November 12, 2012
So what does shark teeth have to do with silversmithing? Well, as much as you want to have it.
During high school, many many years ago I was fascinated with sharks. They were one of my favorite subjects to draw and I was thrilled when “Jaws” came out. I even purchased a shark’s tooth… it was a tiger shark’s tooth, not a great white and I wore it everywhere all of the time. Then during college it went into my jewelry box and really didn’t come out again until September of 2011.
When selecting my project, I was inspired by some great white shark teeth that had been capped. So I went digging through my stash of old jewelry that was relegated to a sealable baggie hoping to find that old tooth. There it was on it’s stiff, old green leather cord with a couple of red pony beads. Yellowed by time and my body chemistry, it still was intact.

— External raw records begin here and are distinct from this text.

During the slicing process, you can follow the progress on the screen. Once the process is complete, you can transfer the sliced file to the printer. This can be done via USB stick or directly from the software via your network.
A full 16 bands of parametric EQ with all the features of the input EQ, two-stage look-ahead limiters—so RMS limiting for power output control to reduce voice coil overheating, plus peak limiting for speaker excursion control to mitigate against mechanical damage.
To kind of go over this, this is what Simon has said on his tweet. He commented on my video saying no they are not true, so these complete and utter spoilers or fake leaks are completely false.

After removing the small, eyelet screw from the top of it, the tooth was ready to be capped with sterling silver and to have my twisted sense of humor added. After creating the cap with the bail, I added a bezel cup to handle a deep red garnet cabochon to represent a drop of blood. While it disturbs some people, I feel that the garnet gives a touch of reality to the tooth since the tiger shark is one of the top ten deadly species out of 460 species of sharks.

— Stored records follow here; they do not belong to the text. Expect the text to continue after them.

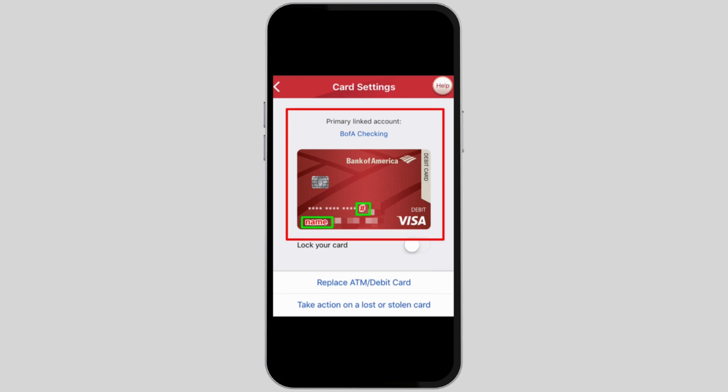You can lock your card, replace your ATM or debit card, or take action if your card is stolen or lost. Now, to see your card number, you will only be shown the last four digits of your card.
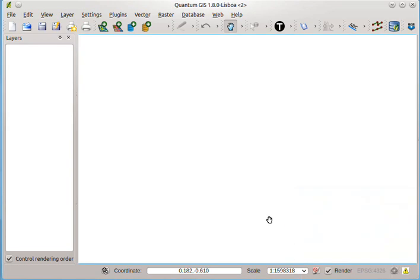The next step is to match the shapefile and the CSV file. I will launch QGIS. My QGIS is already open.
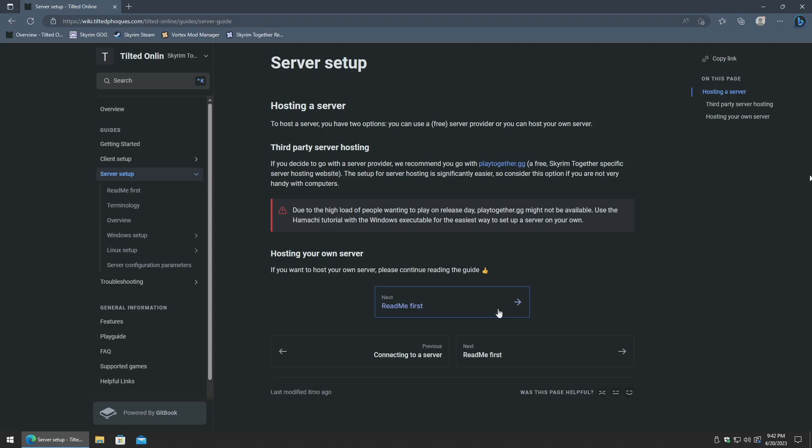What's going on everyone? Today I'm going to show you how to set up your very own Skyrim Together Reborn server. This is a follow-up video to the guide I created showing how to get the game client modded and ready to connect to a server to play with others.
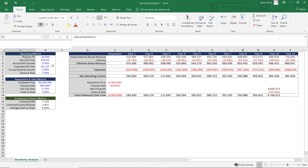Expenses per square foot per year are our expenses today. Annual expense growth at two and a half percent could also be a variable we may want to sensitize, and vacancy rate is also a forward assumption we may want to add. Then we have acquisition and sale metrics — our purchase price is known, closing costs are directly related to it, but the exit cap rate determines what we can actually sell the property for at the end of year 10, so it's definitely something to consider adding to our analysis.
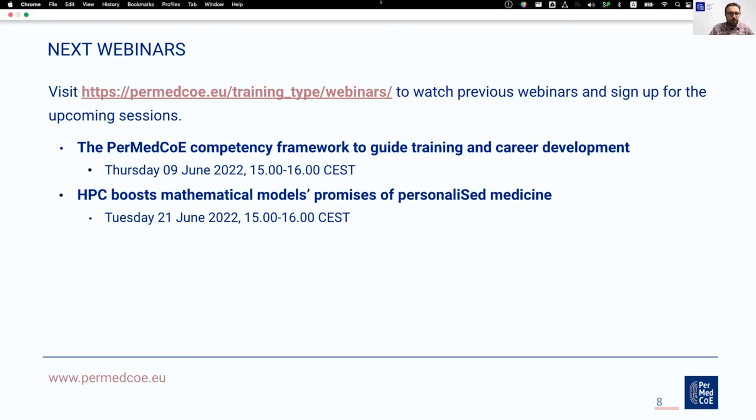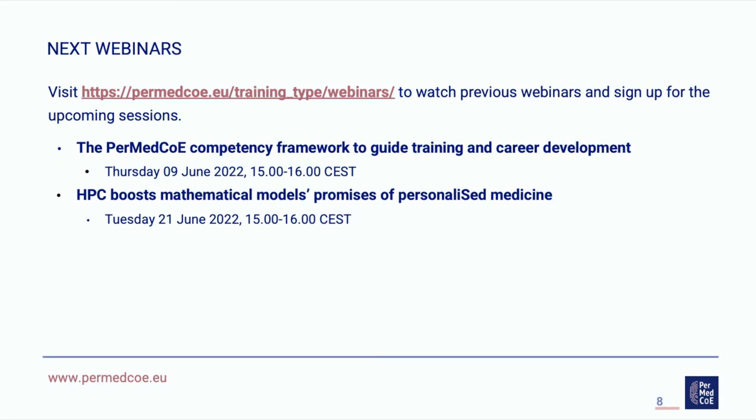Thank you very much, Osmund. It has been a great presentation, a great session, and thank you all for attending the webinar. Thank you. Thank you so much for having me. I'm honored to have been invited.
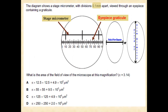Then this smallest unit of the eyepiece graticule we will multiply with the radius, and with the help of the formula — area is equal to π r² — we shall measure our answer.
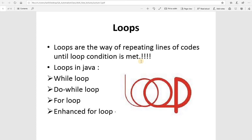Different types of loop are available. Based on our requirement, we create one of the loops, and then inside the loop there is a body where we write exactly what we want to do again and again. It repeats the same lines of code until the condition is met — as long as the condition is true. If the condition gets false, the loop will jump out of the code.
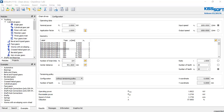In this video I'm going to show you how you can export your data to your CAD system from KISSsoft. In this case I'm going to choose an example of cylindrical gears.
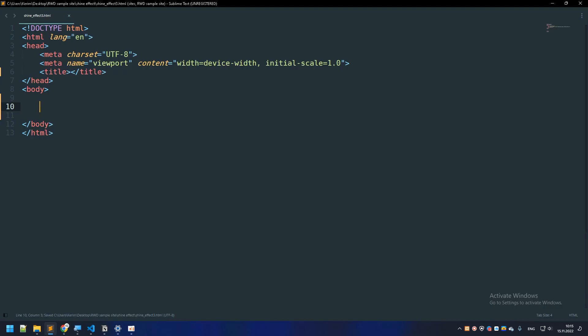What is going on everybody, in this video we are going to create a CSS infinite shine effect using just HTML and CSS. So let's get started. Now first of all, let's go ahead and create an HTML element.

Today, I’ve finished up 3 more shark teeth pendants. However, instead of going back a few decades, I’ve gone back many centuries. I completed 2 Lamna Otodus Obliquus pendants. This is one of the earliest mackerel sharks (has to do with their shape and not what they eat). These shark teeth are found predominately in Morocco. I like the cusplets that they have.
The last pendant that I completed is considered to be a descendant of the Lamna Otodus Obliquus. It is the largest predatory shark that ever lived growing to 18 meters (60 feet long or 3 times larger than a typical great white). It is a Megalodon.
Because of fossilization ancient shark’s teeth aren’t white. They take on the color of the sediment in which they have been buried.
So what do sharks’ teeth have to do with silversmithing? For me, they bring back great memories from high school.